Die vom Hauptangeklagten vorgetragenen Geschichten zum brutalen Mord am Drogendealer, dessen Leiche in einem Waldstück auf „Schléiwenhaff“ regelrecht deponiert wurde, waren schon abenteuerlich genug. Nun legte L.K. gestern zum Mord an der rumänischen Prostituierten am „Fräiheetsbam“ noch einen drauf.

 „Das ist wie eine Rote Ampel missachten“

Er behauptet nach wie vor, nichts mit diesem kaltblütigen Mord zu tun zu haben. Er habe A.S. seinen Wagen geliehen, obwohl dieser zum Tatzeitpunkt mit seinem Mobiltelefon auf der anderen Seite der Hauptstadt eingeloggt war. Deshalb wurde ihm im Vorfeld des Prozesses eine Verfahrenseinstellung von der Ratskammer zugesprochen.

Im Mittelpunkt standen erneut die 48 angemeldeten Waffen im Besitz von L.K. sowie die Frage, ob sie immer geladen waren, wie verschiedene Zeugen behaupteten, oder ob L.K. sie – wie angeblich zur Tatzeit – ungeladen in seinem Auto transportierte. „Und wenn schon, das ist wie eine Rote Ampel missachten“, meinte der Hauptangeklagte lediglich.

„Dräi Joer Prisong, dat ass hefteg!“

L.K. ärgerte sich gestern über den Psychiater, der ihn einen Psychopathen genannt haben soll. Dabei war in seinem Gutachten ausdrücklich von einer megalomanen Mythomanie die Rede, also einer Tendenz zum Größenwahn und zum Erzählen von Lügen. Dies passt zu den Aussagen des Vaters von L.K., der meinte, sein Sohn halte sich für Gott.

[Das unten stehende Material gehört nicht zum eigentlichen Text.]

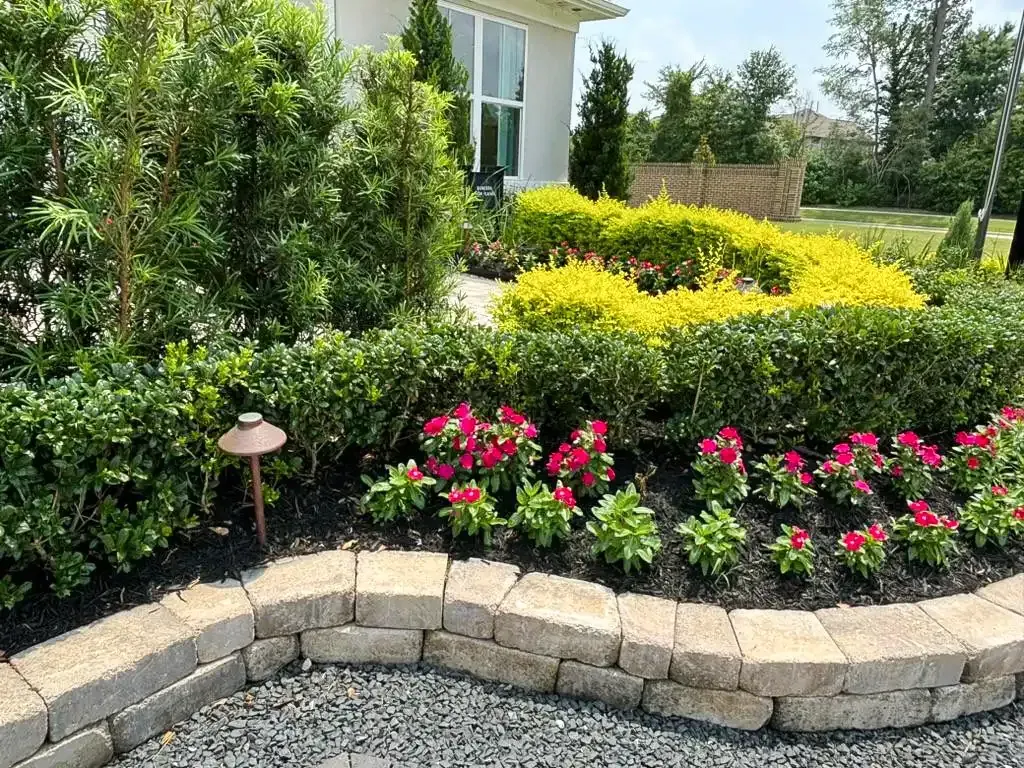 Landscaped garden with pink flowers, hedges, stone edging, and a house in the background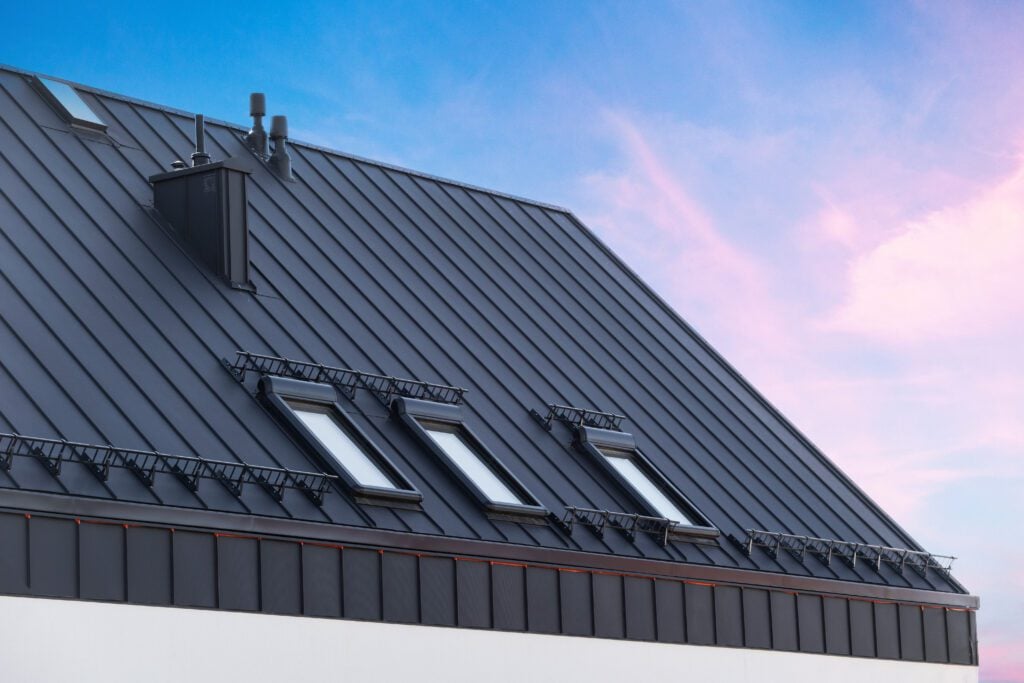 5 Signs You Need Metal Roof Replacement - All Phase Roofing & Restoration House with metal galvanized coating, chimney pipe, mansard windows and snow holding cornice on roof slope against sunset sky. Element of modern residential building with zinc rooftop sheets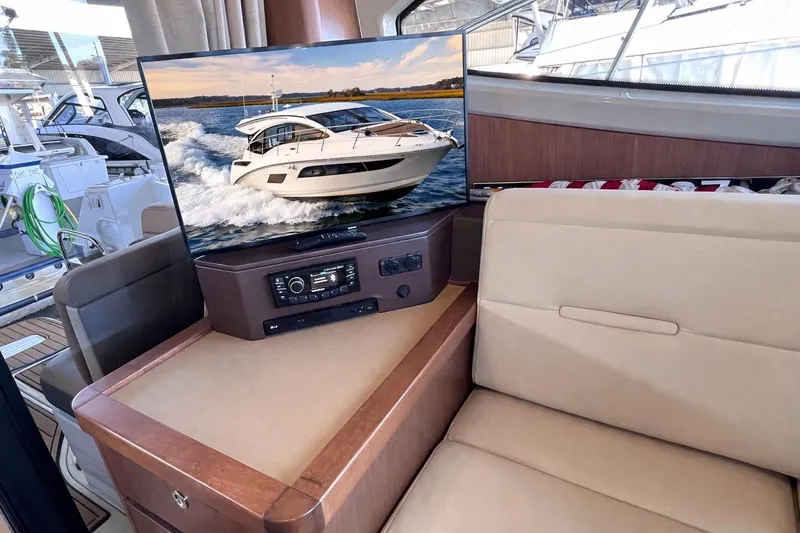 Slide: The Image of Interior of a 2017 Sea Ray Sundancer 400 yacht with a TV displaying the boat. - 42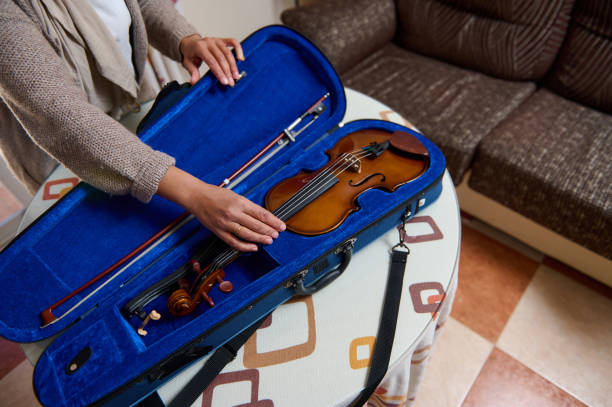 istock Person placing a violin into its blue velvet-lined case on a table 2188830044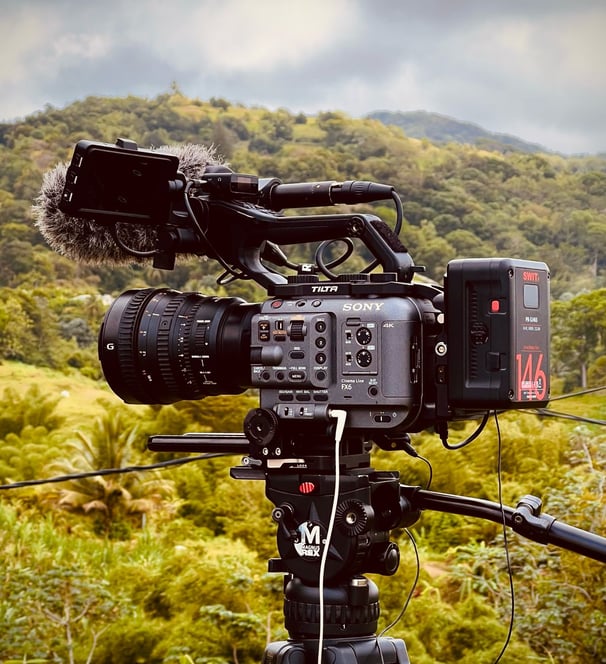 a camera with a video camera attached to a tripod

Warum er denn am Tag, an dem die rumänische Prostituierte erschossen wurde, dem angeblichen Mörder des Drogenhändlers seinen Wagen, in dem sich Waffen befanden, ausgeliehen habe, führte der Hauptangeklagte auf seine „altruistische Ader“ zurück, obwohl er an anderer Stelle behauptet hatte, nur sich selbst zu trauen. Zudem sagte er: „Madame Präsidentin, ech sëtzen elo schonn dräi Joer am Prisong, dat ass hefteg!“

Er habe mit der ermordeten Frau, die er „Flori“ nannte, nichts zu tun gehabt. Und wieder belastete er A.S. schwer. Dabei kam es zu einem Schlagabtausch zwischen L.K. und der Vorsitzenden, die in dem aggressiven Statement des Hauptangeklagten gipfelte: „Wann Dir all Schäiss gleeft, wat am Dossier steet, dann ass Iech net ze hëllefen.“ Mit einer solchen Aussage hatte er sich definitiv disqualifiziert.

Neben Nebenkläger

Ähnlich reagierte L.K. auf die präzisen Fragen des öffentlichen Anklägers. Dieser zerpflückte eine Aussage nach der anderen, darunter seine Behauptung, er habe die Waffe ins Auto gelegt, um sie zu verkaufen. Dabei war der Schalldämpfer nicht angemeldet und sie wurde auch niemandem angeboten. Zu einer SMS, die als Beweisstück verwendet wurde, um zu zeigen, dass der Mord geplant war, sagte der Hauptangeklagte lediglich, das sei „blöd gewesen“.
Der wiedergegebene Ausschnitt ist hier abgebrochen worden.